*** Stored data ***

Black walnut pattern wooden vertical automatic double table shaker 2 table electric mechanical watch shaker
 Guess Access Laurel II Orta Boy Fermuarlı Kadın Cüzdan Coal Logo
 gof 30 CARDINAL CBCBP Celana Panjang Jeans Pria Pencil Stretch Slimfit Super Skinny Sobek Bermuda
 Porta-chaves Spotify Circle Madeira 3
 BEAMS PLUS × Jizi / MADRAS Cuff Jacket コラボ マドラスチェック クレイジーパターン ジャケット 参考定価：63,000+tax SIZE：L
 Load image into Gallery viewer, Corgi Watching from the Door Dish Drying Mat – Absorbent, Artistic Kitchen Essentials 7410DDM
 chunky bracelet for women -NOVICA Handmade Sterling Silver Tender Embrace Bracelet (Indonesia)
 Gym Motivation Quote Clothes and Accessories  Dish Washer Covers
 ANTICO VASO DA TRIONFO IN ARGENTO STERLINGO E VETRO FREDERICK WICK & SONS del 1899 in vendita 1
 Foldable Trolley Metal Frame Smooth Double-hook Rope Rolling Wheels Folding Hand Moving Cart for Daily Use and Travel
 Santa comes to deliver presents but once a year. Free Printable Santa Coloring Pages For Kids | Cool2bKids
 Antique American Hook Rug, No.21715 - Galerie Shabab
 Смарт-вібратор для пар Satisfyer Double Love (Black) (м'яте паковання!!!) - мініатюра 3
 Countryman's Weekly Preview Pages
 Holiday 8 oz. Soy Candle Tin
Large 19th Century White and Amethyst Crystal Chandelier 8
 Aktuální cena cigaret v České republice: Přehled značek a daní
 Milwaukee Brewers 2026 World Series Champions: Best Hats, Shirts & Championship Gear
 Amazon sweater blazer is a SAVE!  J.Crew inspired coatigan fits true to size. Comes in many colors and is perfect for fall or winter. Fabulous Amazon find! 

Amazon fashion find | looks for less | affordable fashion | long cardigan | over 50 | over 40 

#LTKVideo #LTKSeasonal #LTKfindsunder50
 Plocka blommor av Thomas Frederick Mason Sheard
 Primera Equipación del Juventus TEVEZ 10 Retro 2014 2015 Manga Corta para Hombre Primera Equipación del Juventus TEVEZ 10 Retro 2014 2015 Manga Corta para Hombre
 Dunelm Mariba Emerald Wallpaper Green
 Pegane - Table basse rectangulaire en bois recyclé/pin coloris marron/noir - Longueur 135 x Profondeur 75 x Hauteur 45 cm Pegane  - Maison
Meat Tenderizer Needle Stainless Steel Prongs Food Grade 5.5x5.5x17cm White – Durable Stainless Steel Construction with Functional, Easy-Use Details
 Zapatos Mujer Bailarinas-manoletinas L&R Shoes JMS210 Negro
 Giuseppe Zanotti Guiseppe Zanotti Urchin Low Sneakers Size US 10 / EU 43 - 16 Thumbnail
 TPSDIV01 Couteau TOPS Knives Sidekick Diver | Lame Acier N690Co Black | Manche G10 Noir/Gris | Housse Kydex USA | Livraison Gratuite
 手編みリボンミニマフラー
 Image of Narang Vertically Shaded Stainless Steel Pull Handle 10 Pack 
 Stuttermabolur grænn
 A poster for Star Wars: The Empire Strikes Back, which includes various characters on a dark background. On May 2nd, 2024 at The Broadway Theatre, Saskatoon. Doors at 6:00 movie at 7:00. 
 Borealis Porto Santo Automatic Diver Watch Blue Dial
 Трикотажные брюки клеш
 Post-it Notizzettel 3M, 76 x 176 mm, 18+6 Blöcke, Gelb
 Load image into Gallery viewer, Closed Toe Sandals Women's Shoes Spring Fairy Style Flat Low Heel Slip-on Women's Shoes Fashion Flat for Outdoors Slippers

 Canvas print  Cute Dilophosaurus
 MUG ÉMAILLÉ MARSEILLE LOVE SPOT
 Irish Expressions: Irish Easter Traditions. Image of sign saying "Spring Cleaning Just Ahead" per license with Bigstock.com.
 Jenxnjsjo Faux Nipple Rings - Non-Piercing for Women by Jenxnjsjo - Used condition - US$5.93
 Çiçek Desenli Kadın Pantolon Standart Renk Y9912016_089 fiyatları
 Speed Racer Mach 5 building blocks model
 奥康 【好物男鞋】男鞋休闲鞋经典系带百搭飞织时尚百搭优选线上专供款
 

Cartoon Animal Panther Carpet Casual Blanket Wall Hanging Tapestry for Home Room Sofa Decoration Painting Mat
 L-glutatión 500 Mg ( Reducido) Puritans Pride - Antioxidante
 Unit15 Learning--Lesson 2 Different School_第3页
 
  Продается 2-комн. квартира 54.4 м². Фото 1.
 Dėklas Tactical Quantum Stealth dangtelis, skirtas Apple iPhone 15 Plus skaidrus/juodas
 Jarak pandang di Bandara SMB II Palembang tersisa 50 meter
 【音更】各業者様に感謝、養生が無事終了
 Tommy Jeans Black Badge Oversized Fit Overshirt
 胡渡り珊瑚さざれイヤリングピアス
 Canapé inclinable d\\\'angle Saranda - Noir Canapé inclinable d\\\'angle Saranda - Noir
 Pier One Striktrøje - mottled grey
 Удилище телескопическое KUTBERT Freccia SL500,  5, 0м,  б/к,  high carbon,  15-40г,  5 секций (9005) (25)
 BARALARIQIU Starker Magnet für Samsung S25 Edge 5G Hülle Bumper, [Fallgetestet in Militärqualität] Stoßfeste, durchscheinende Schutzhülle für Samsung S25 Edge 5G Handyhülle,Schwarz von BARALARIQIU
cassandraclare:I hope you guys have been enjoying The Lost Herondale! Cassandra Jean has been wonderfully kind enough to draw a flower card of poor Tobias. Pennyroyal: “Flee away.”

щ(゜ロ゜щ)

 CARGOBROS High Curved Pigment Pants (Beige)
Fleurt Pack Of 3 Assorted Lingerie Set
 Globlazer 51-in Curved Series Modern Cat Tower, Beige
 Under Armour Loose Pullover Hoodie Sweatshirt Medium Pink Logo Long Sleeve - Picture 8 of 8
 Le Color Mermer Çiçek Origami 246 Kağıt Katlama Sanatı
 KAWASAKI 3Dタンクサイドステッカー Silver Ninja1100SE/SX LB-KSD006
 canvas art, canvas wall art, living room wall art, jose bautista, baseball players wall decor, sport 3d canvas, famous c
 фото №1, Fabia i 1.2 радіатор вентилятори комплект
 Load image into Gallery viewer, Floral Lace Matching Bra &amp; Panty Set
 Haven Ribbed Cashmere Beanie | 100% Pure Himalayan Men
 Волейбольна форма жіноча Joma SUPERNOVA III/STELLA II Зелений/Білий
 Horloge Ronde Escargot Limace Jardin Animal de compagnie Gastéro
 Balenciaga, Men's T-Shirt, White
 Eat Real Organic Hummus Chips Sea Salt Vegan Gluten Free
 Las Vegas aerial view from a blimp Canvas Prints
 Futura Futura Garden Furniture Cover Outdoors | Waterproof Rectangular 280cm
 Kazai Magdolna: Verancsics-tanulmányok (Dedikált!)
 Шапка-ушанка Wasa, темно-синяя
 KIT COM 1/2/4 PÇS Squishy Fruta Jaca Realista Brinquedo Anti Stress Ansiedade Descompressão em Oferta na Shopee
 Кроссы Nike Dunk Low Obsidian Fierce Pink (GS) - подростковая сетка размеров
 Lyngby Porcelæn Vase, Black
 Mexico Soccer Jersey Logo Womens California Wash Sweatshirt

*** End of Stored data ***

[Task]
Find the line with "KIT COM 1/2/4". Transcribe it and every line after it exactly, through the end of the records above, and nothing else.

[Response box]
 KIT COM 1/2/4 PÇS Squishy Fruta Jaca Realista Brinquedo Anti Stress Ansiedade Descompressão em Oferta na Shopee
 Кроссы Nike Dunk Low Obsidian Fierce Pink (GS) - подростковая сетка размеров
 Lyngby Porcelæn Vase, Black
 Mexico Soccer Jersey Logo Womens California Wash Sweatshirt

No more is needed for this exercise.